I’ll start with a couple of disclaimers: firstly, you can trust me, but you don’t have to believe me. I’ll be writing about the road I took, and your mileage may vary. Do your own research, talk to other people. I’m claiming experience, not authority. Your socioeconomic, familial and geographic concerns will make your experience different to mine. Did you notice the thing I left out there? The one thing I will not be discussing in these posts is ethnicity. Not that it’s irrelevant – it’s hugely relevant – but it’s a topic so huge that I can’t even begin to address it by myself. So I won’t. At least not in these posts. Secondly – I don’t have a dog in this fight, I don’t want to be a celebrity on teh intarwebs, and I don’t want a part of your stupid wars, whoever you are. Linux vs. Windows vs. WTF. Ruby vs. Python. My gang yay, your gang boo. I just don’t care. Take your hatred somewhere else and let grown-ups have a sensible discussion. OK? Good.
Let’s get started.
When a smart, articulate lady like Jamie asks you for pointers on getting started in coding, you have to take pause. Glibness like “google it” or “ buy a book” ain’t good enough, and her serious question demands a serious reply. Sadly, this reply can only come in the form of a question, which is, “what kind of coding are you interested in?” I broke the question down in to these possible replies:
i. I want to have fun with programming.
ii. I want to run my own web application and make it dance.
iii. I want to get into web design and graphics.
iv. I want to get hardcore with math and A.I. and build a race of evil robots to rule the universe.
v. Aren’t you going to talk about Java?
vi. Aren’t you going to talk about databases?
In each case, the answer will be a little different. Let’s consider them one-by one.
i. 1. I want to have fun with programming.

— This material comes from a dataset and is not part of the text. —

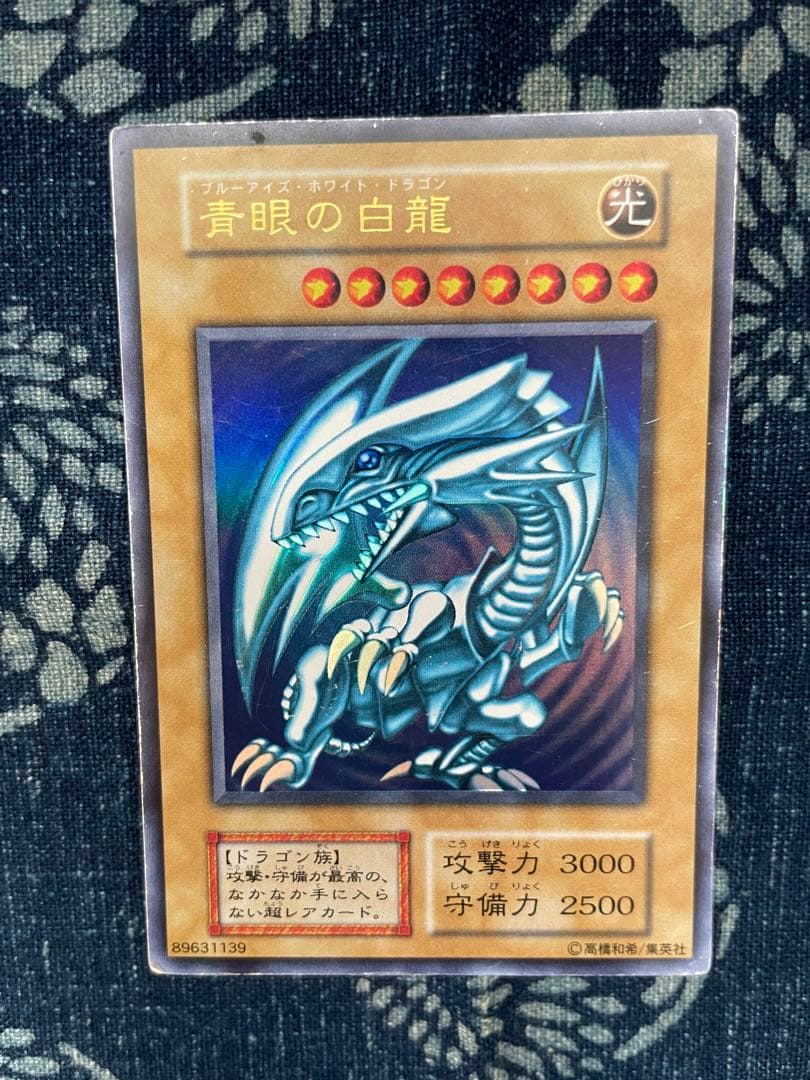 【本日限定】遊戯王　ブルーアイズホワイトドラゴン　初期ウルトラレア　やや傷あり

Back in the day, meaning any time before about 1977, computers were fearfully expensive things that only big corporations, major universities or the Air Force could afford. That was a fact of life until about 1980, when a bunch of enterprise-minded mid-size companies began selling small machines that were within the budget of – let’s say – the child of a reasonably well-off family could ask for Christmas. This was a huge turning point, as it put the ability to own a computer and write computer programs into the hands of hundreds of thousands of small children. That’s the revolution I’m coming from, and that’s what I think of when I think of programming for fun. Just the sheer, unadulterated joy of writing a program from your own sweat and tears (and occasionally, blood) and watching it run. (your program, not your blood.)
In the days of the Sinclair ZX-81, Acorn Electron or VIC-20, this meant BASIC. Nowadays, it pretty much means Python. For those who care, I’m a Ruby person myself, both from familiarity and workplace demands, but I’ll fully admit that Python is a great, great language. You can learn the basics in an hour, even if you’ve never programmed before, it can do anything you want, and there is a massive and supportive community out there to help you. Equally important, it’s the language of choice of the Raspberry Pi community, a thing which plans to give to geeks of all ages the chances and fun that my UKP15 ZX-81 gave to me when I was four years old. Of which more later…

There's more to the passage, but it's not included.